──────── Given material

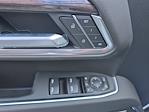 New 2026 Chevrolet Silverado 3500 LTZ Crew Cab 4WD Pickup for sale #C5042 - photo 29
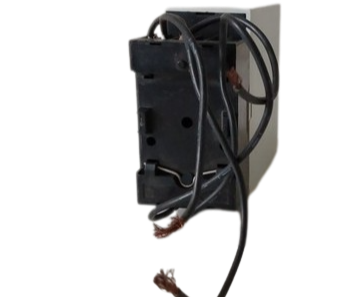 Produal BINARY STEP CONTROLLER BAK 64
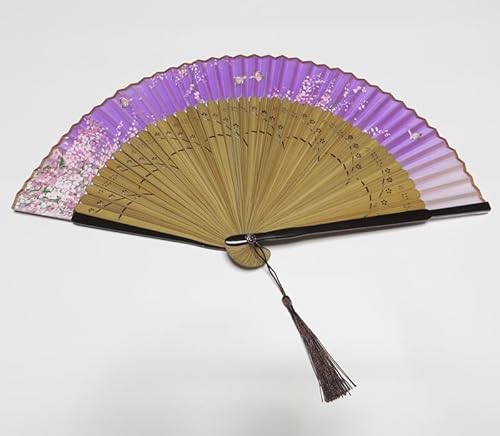 q ZW򂵂̒nFɌӒƋʂ̉Ԃ̖͗l n͐ ͖ؐ 炭| œ [@ 21cm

────────────────

- **Your assignment**
The answer must be the full listing, exact in every line, with the pictures removed.

- **Final answer**
 New 2026 Chevrolet Silverado 3500 LTZ Crew Cab 4WD Pickup for sale #C5042 - photo 29
 Produal BINARY STEP CONTROLLER BAK 64
 q ZW򂵂̒nFɌӒƋʂ̉Ԃ̖͗l n͐ ͖ؐ 炭| œ [@ 21cm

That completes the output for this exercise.